_Records for processing_
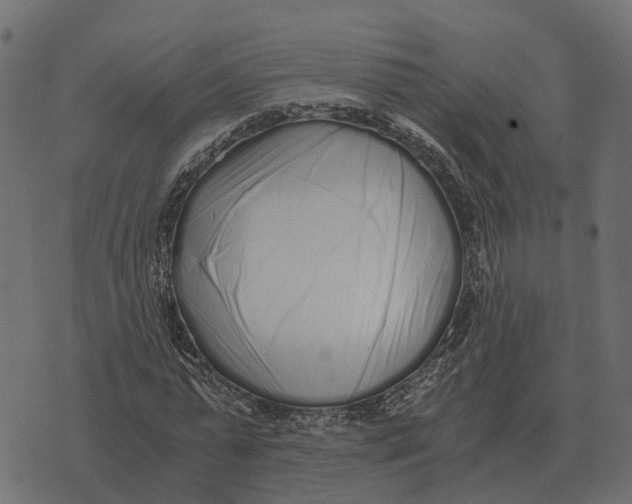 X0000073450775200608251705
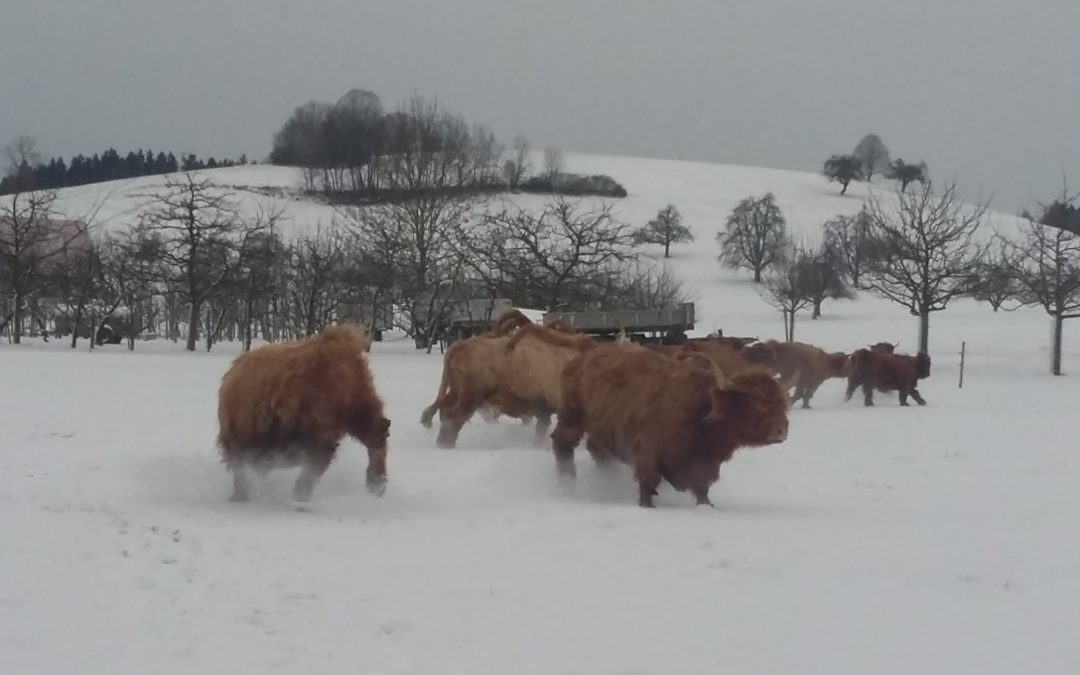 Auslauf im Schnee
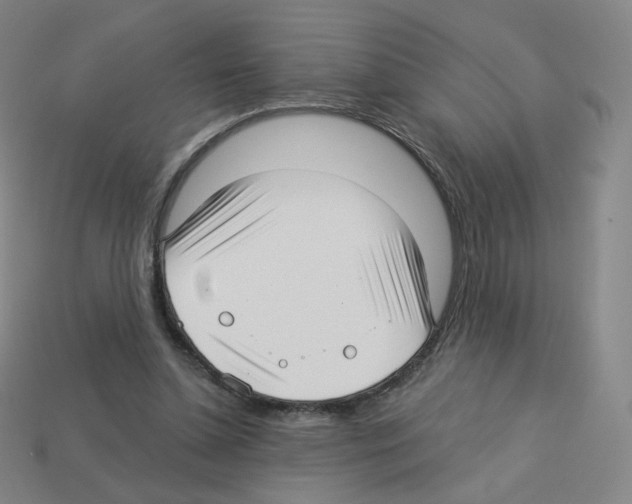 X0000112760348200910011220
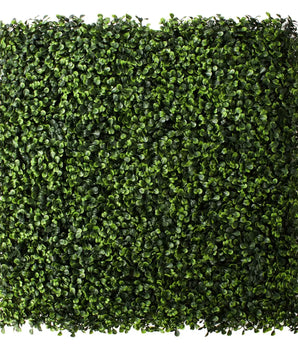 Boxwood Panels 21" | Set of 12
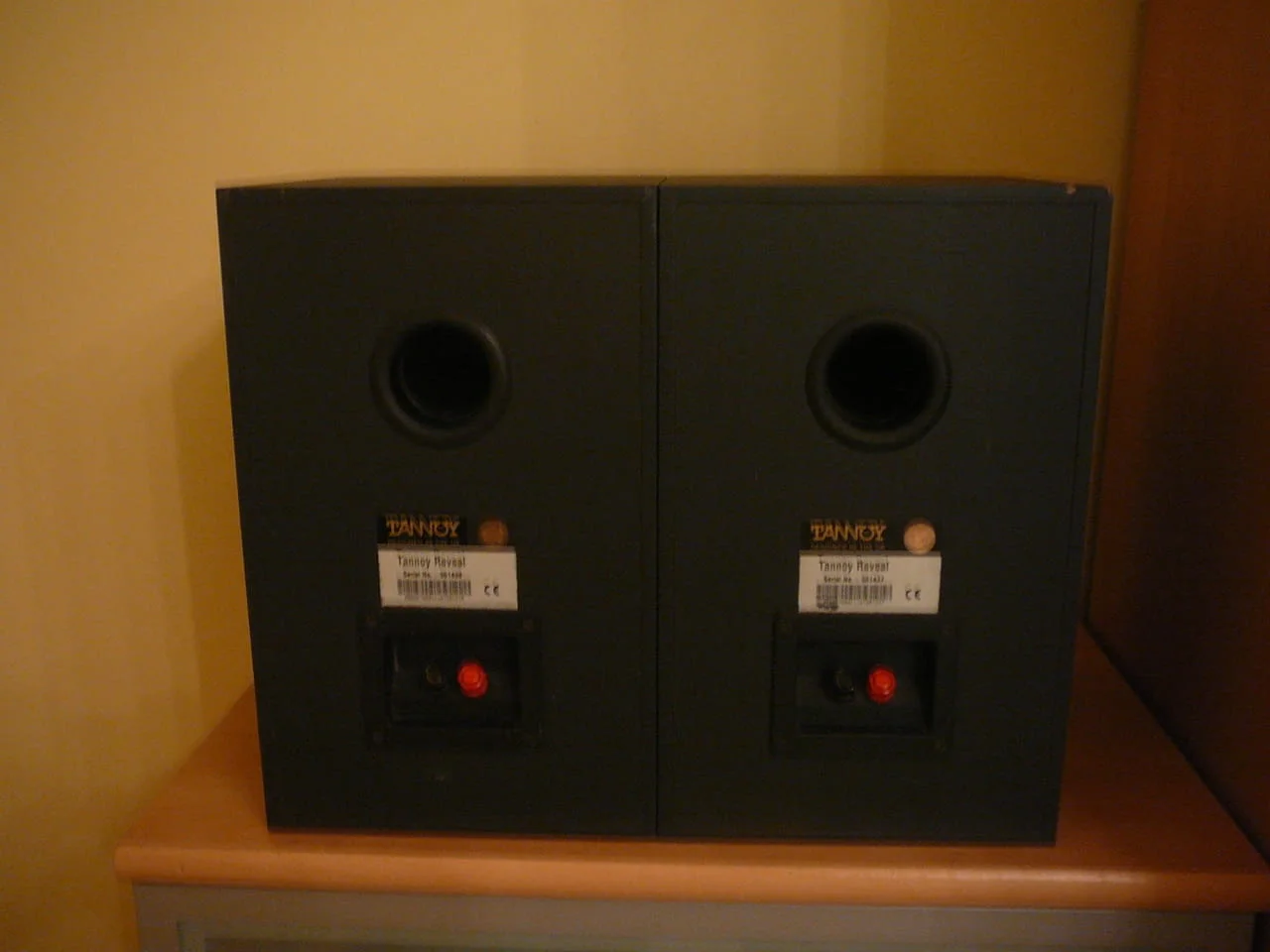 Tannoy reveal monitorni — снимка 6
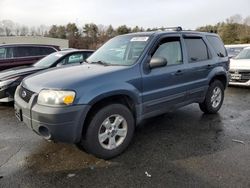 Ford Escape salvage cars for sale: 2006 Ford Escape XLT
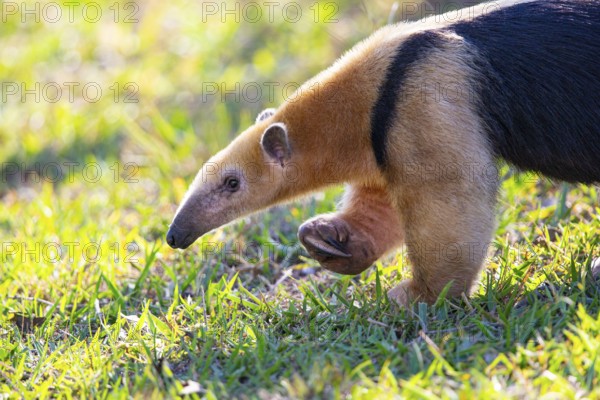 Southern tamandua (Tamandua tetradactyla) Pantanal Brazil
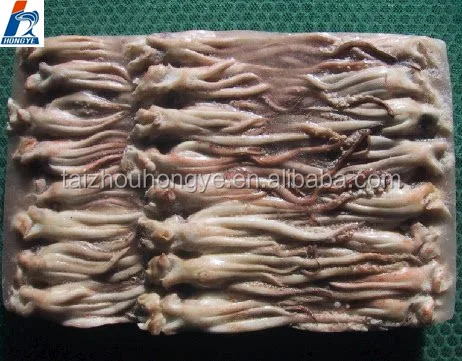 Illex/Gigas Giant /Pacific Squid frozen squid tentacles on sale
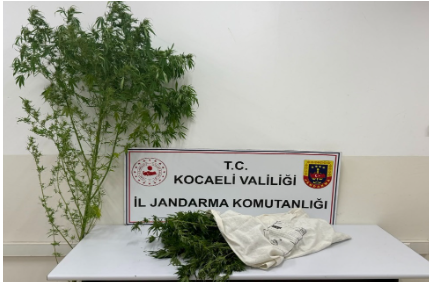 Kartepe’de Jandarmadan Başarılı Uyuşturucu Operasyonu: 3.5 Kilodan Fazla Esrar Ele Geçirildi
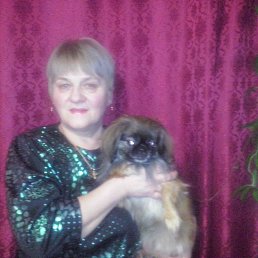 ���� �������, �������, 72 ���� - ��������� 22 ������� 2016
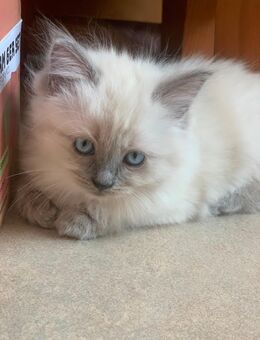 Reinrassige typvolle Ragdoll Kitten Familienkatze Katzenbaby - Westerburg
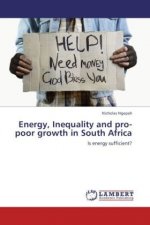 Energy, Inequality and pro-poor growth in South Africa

_Task requirements_
Please print the data above once more, exactly and without images.

_Exercise answer_
 X0000073450775200608251705
 Auslauf im Schnee
 X0000112760348200910011220
 Boxwood Panels 21" | Set of 12
 Tannoy reveal monitorni — снимка 6
 Ford Escape salvage cars for sale: 2006 Ford Escape XLT
 Southern tamandua (Tamandua tetradactyla) Pantanal Brazil
 Illex/Gigas Giant /Pacific Squid frozen squid tentacles on sale
 Kartepe’de Jandarmadan Başarılı Uyuşturucu Operasyonu: 3.5 Kilodan Fazla Esrar Ele Geçirildi
 ���� �������, �������, 72 ���� - ��������� 22 ������� 2016
 Reinrassige typvolle Ragdoll Kitten Familienkatze Katzenbaby - Westerburg
 Energy, Inequality and pro-poor growth in South Africa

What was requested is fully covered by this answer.